Wathint` imbokodo uzo kufa!
Now you have touched the women, Strijdom!
You have struck a rock
(You have dislodged a boulder!)
You will be crushed!
Write a poem honouring a woman you know or admire, or women in general. Send your poems pasted inside the body of an email headed 'SLiP August poetry workshop' to email@example.com by no later than Sunday 17 August 2014. Please give your poem a title.
My Grandmother Washes Her Feet in the Sink of the Bathroom at Sears
My grandmother puts her feet in the sink
of the bathroom at Sears
to wash them in the ritual washing for prayer,
because she has to pray in the store or miss
the mandatory prayer time for Muslims
She does it with great poise, balancing
herself with one plump matronly arm
against the automated hot-air hand dryer,
after having removed her support knee-highs
and laid them aside, folded in thirds,
and given me her purse and her packages to hold
so she can accomplish this august ritual
and get back to the ritual of shopping for housewares
Respectable Sears matrons shake their heads and frown
as they notice what my grandmother is doing,
an affront to American porcelain,
a contamination of American Standards
by something foreign and unhygienic
requiring civic action and possible use of disinfectant spray
They fluster about and flutter their hands and I can see
a clash of civilizations brewing in the Sears bathroom
My grandmother, though she speaks no English,
catches their meaning and her look in the mirror says,
I have washed my feet over Iznik tile in Istanbul
with water from the world's ancient irrigation systems
I have washed my feet in the bathhouses of Damascus
over painted bowls imported from China
among the best families of Aleppo
And if you Americans knew anything
about civilization and cleanliness,
you'd make wider washbins, anyway
My grandmother knows one culture—the right one,
as do these matrons of the Middle West. For them,
my grandmother might as well have been squatting
in the mud over a rusty tin in vaguely tropical squalor,
Mexican or Middle Eastern, it doesn't matter which,
when she lifts her well-groomed foot and puts it over the edge.

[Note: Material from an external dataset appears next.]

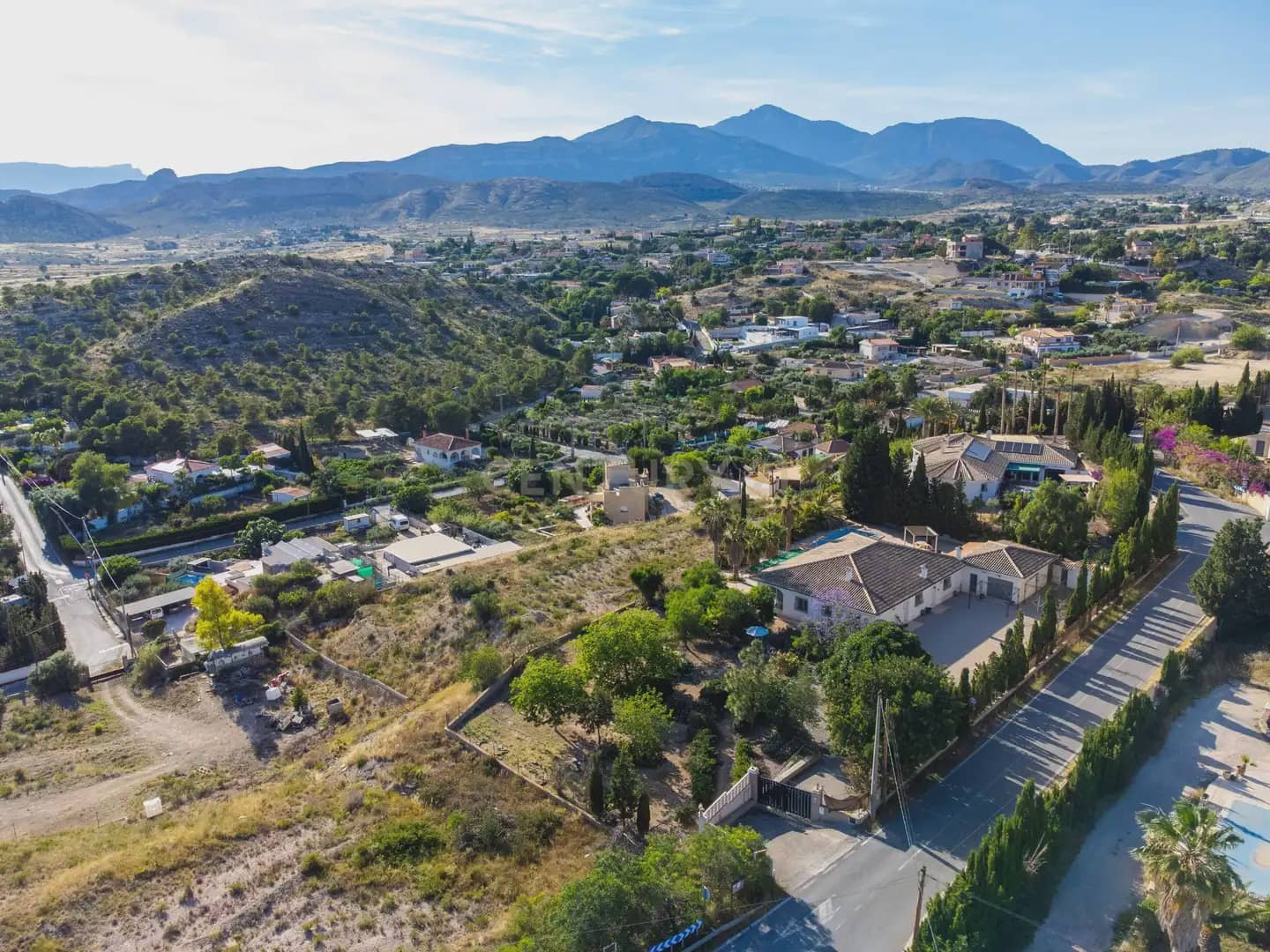 3 quarto Moradia para venda em Alicante cidade com piscina - 415 000 € (Ref: 9879795)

"You can't do that," one of the women protests,
turning to me, "Tell her she can't do that."
"We wash our feet five times a day,"
my grandmother declares hotly in Arabic.
"My feet are cleaner than their sink.
Worried about their sink, are they? I
should worry about my feet!"
My grandmother nudges me, "Go on, tell them."

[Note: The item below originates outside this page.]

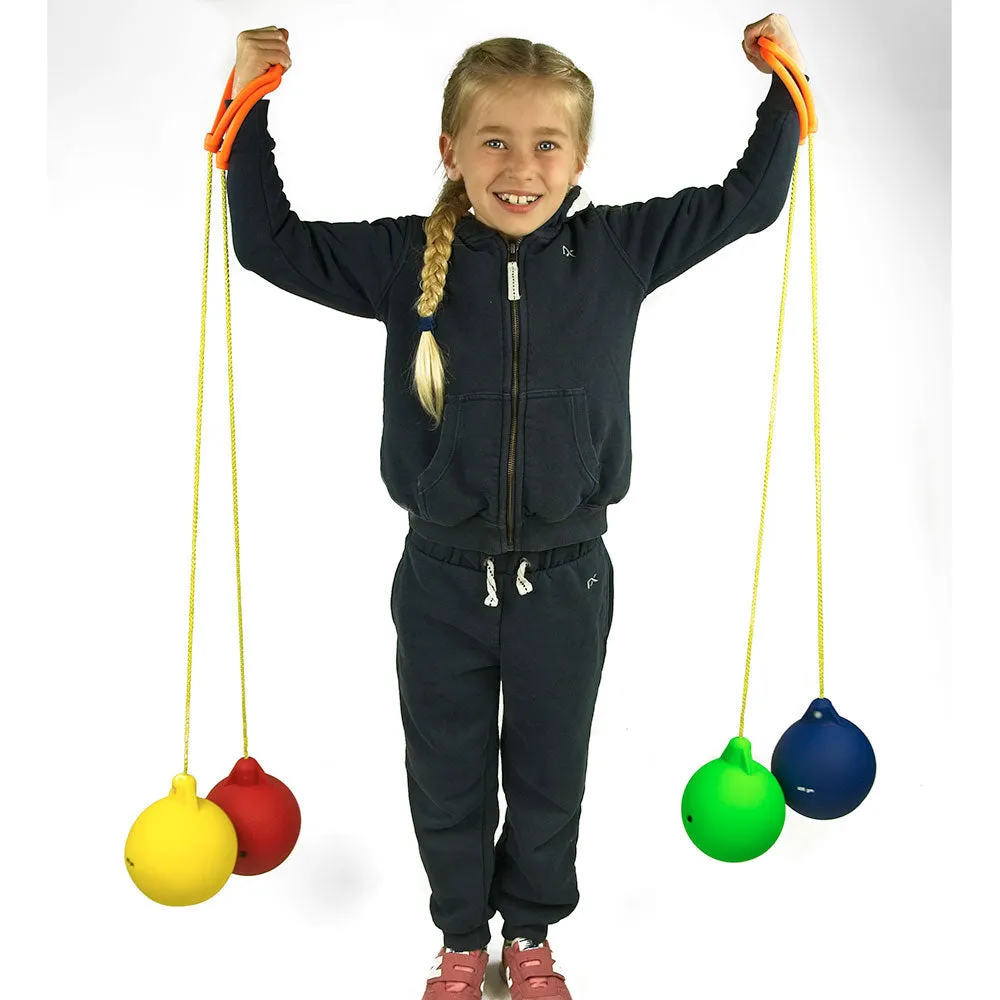 Primary Hammer Set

Standing between the door and the mirror, I can see
at multiple angles, my grandmother and the other shoppers,
all of them decent and goodhearted women, diligent
in cleanliness, grooming, and decorum
Even now my grandmother, not to be rushed,
is delicately drying her pumps with tissues from her purse
For my grandmother always wears well-turned pumps
that match her purse, I think in case someone
from one of the best families of Aleppo
should run into her—here, in front of the Kenmore display
I smile at the midwestern women
as if my grandmother has just said something lovely about them
and shrug at my grandmother as if they
had just apologized through me
No one is fooled, but I
hold the door open for everyone
and we all emerge on the sales floor
and lose ourselves in the great common ground
of housewares on markdown.
For a Five-Year-Old
A snail is climbing up the window-sill
into your room, after a night of rain.
You call me in to see and I explain
that it would be unkind to leave it there:
it might crawl to the floor; we must take care
that no one squashes it. You understand,
and carry it outside, with careful hand,
to eat a daffodil.
I see, then, that a kind of faith prevails:
your gentleness is moulded still by words
from me, who have trapped mice and shot wild birds,
from me, who drowned your kittens, who betrayed
your closest relatives and who purveyed
the harshest kind of truth to many another,
But that is how things are: I am your mother,
And we are kind to snails.
Time Running Across the Night
To watch Sitti Hoca set
her mouth and write her name
in a new script, to see
her comb wool sheared
from a sheep in Kurdistan, washed
five times, on metal teeth, then take
a wooden stick capped
with a metal hook, fit
one piece of the soft mass
to the hook and pull
with the fingers a thinning strand, rub
the long stick upwards
along her thigh and release
it to twirl the thinning mass
into thread, is to see
time made by hand.
With the fingers she counts
the steps back
to the beginnings of things,
the sheep on dry hills
while war wages over names
and borders. And despite that,
the shearing and spinning and weaving -
in nomadic lives, all the names
for time and permanence.
On the mats beneath her feet weave
stalk of grain,
throat of the wolf,
the evil eye,
I meet her in the Ethnographic Museum in Stockholm.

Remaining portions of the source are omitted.